WORK TO COMPLETE – Give back all of the data exactly as it stands, with the pictures removed.

GIVEN INFORMATION –
══════════════════════════════

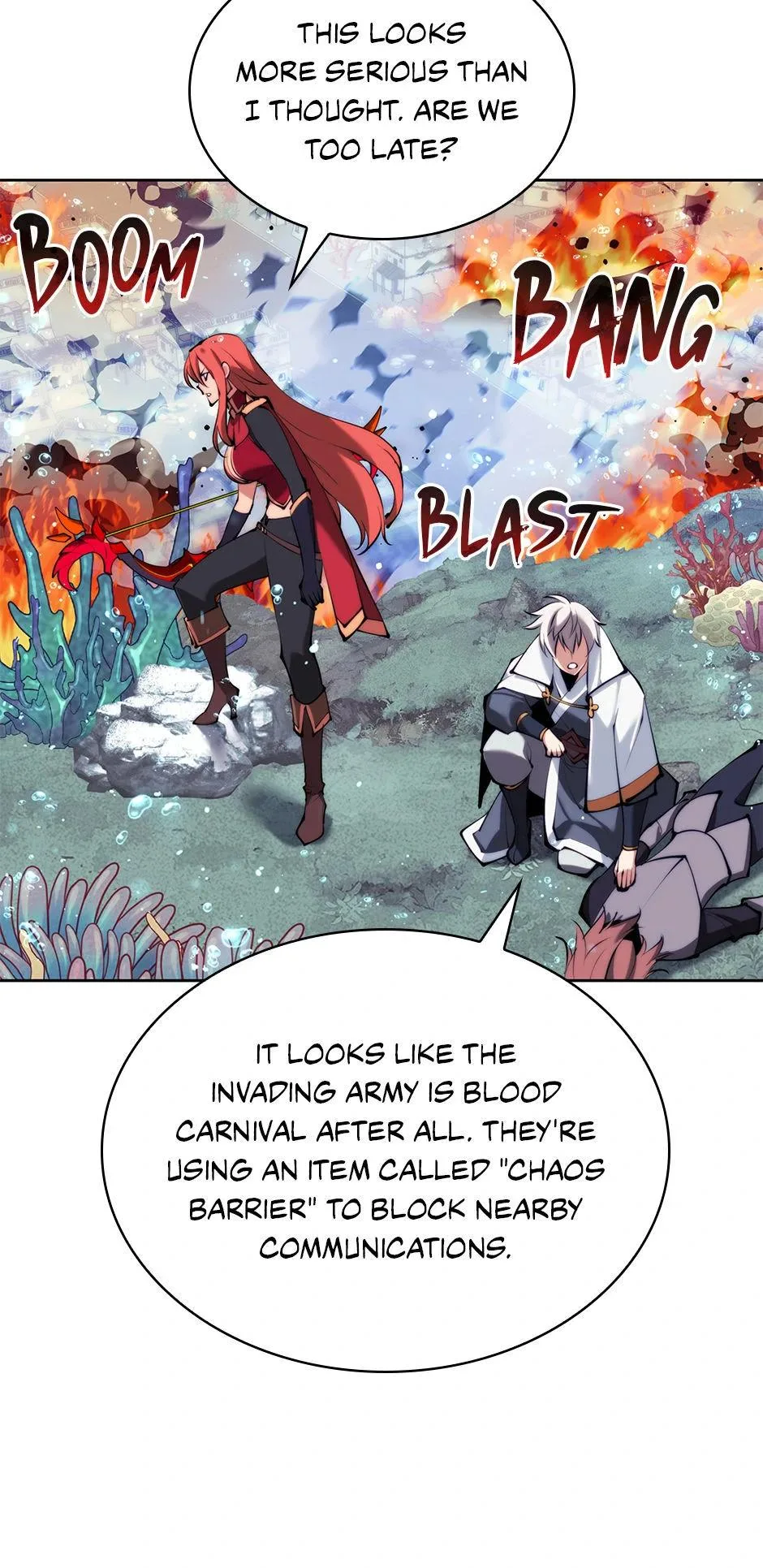 Overgeared Chapter 232 – Page 30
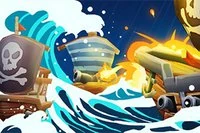 Mais jogados Jogos de Piratas no Jogos123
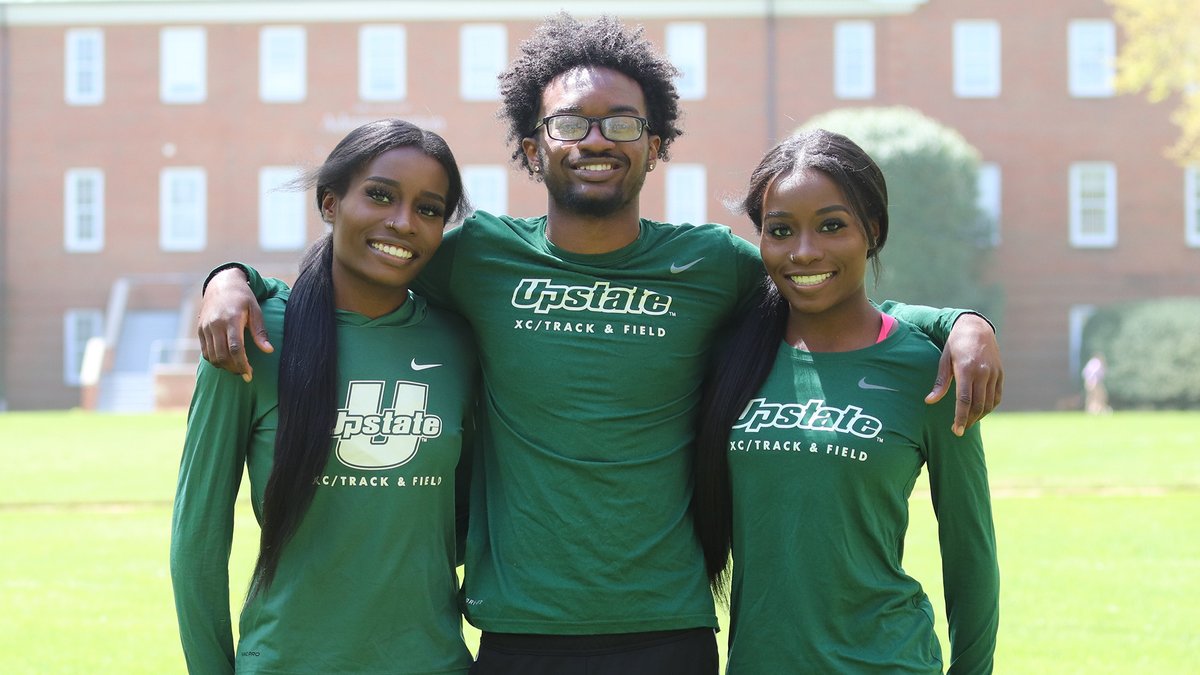 USC Upstate Cross Country/Track & Field tweet media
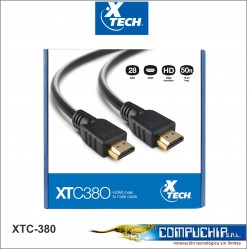 Cable  HDMI  Xtech...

══════════════════════════════

ANSWER TO THIS TASK –
 Overgeared Chapter 232 – Page 30
 Mais jogados Jogos de Piratas no Jogos123
 USC Upstate Cross Country/Track & Field tweet media
 Cable  HDMI  Xtech...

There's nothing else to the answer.